* Lung: PET scans are just as accurate as biopsies, with no significant health risks (Appl Radiol, 2003; 32: 9-17).
* Breast: MRI has variable accuracy (60-100 per cent) (Acad Radiol, 1999; 6: 387-97). PET scans are more reliable (90 per cent accuracy), but are still in the developmental stage (Recent Results Cancer Res, 2000; 157: 12-9). Another promising technique on the near horizon is MRSI, which can detect choline, a marker for breast cancer. Thermography (heat measurement) is a safe early-warning device, but cannot give a definitive diagnosis of cancer.
* Liver: CT and ultrasound scans are nearly 100 per cent accurate, leading some experts to conclude that biopsy is no longer worth the risks (Liver Transpl, 2004; 10 [2 Suppl 1]: S30-3). A simple blood test can also detect cancer in some cases.

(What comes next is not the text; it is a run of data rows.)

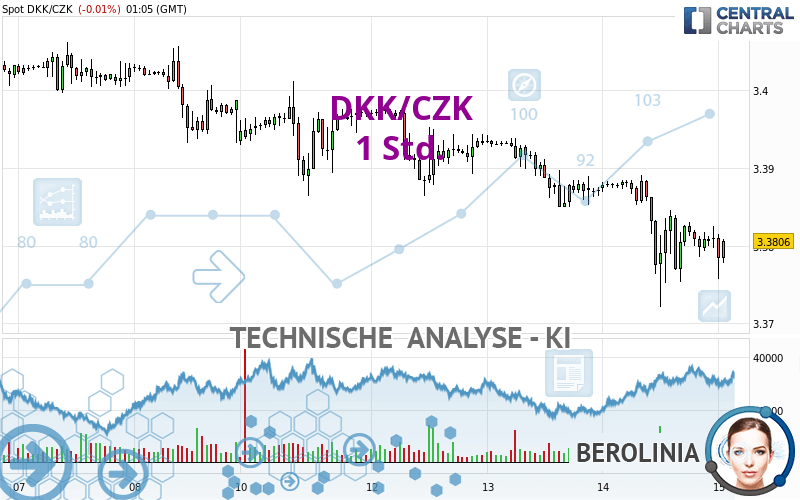 DKK/CZK - 1 Std.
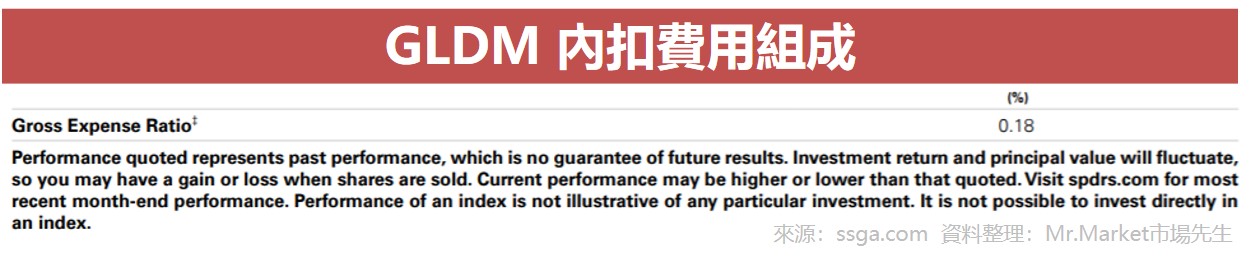 GLDM 內扣費用組成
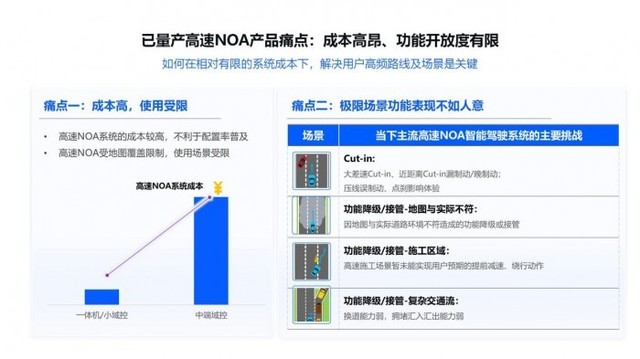 用户心智是关键，高阶智驾亟需体现核心价值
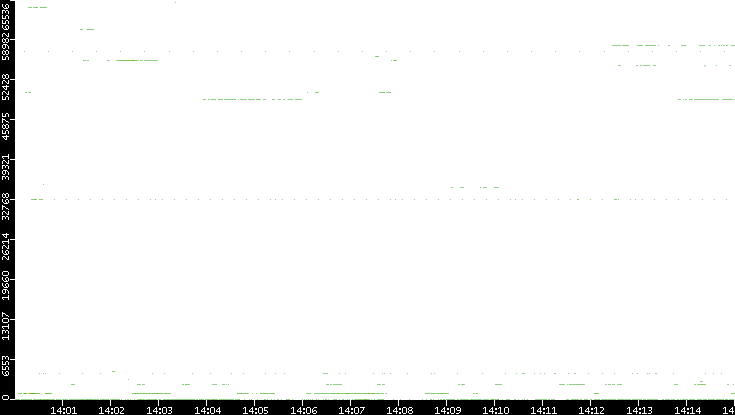 Src. Port vs. Time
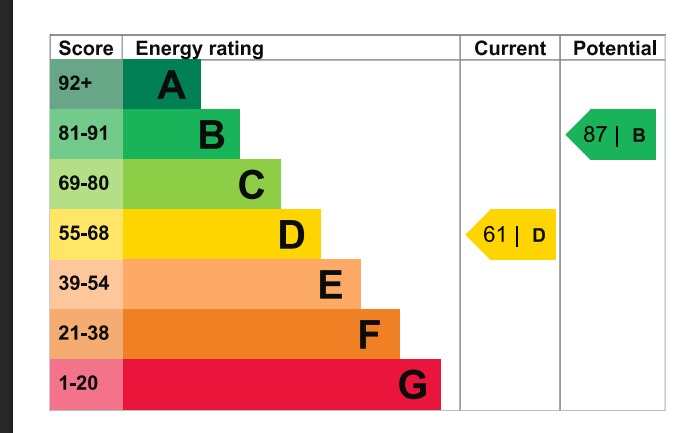 EPC 1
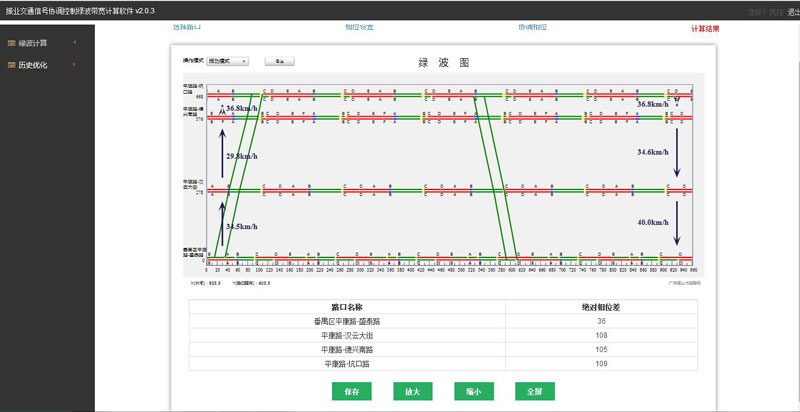 圖2 綠波協(xié)調(diào)可視化計(jì)算平臺主界面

* Prostate: endorectal MR (magnetic resonance) is claimed to be the most accurate imaging technique. It is not very good at detecting microscopic disease, but this may be unimportant in prostate cancer (Magn Reson Imaging Clin N Am, 2000; 8: 869-86).
* Pancreas: endoscopic ultrasound (EUS) is 90 per cent accurate and now considered the ‘gold standard’ for cancer detection (Ann Oncol, 1999; 10 [Suppl 4]: 25-7). Helical computed tomography (HCT) is 95-100 per cent accurate, but may not be suitable for all patients (Dig Dis, 2001; 19: 37-46).
* Womb: endovaginal ultrasound (EVUS), a specialised form of ultrasound, is 96 per cent accurate in diagnosing cancer, and is painless and non-invasive (JAMA, 1998; 280: 1510-7).
* Colon: CT scans are routinely used to detect colorectal cancer, but have some limitations. PET scans are more accurate and are becoming more widely available (Q J Nucl Med, 2001; 45: 215-30).
* Bone: MRI is routinely used as an alternative to bone biopsy, and is almost as accurate.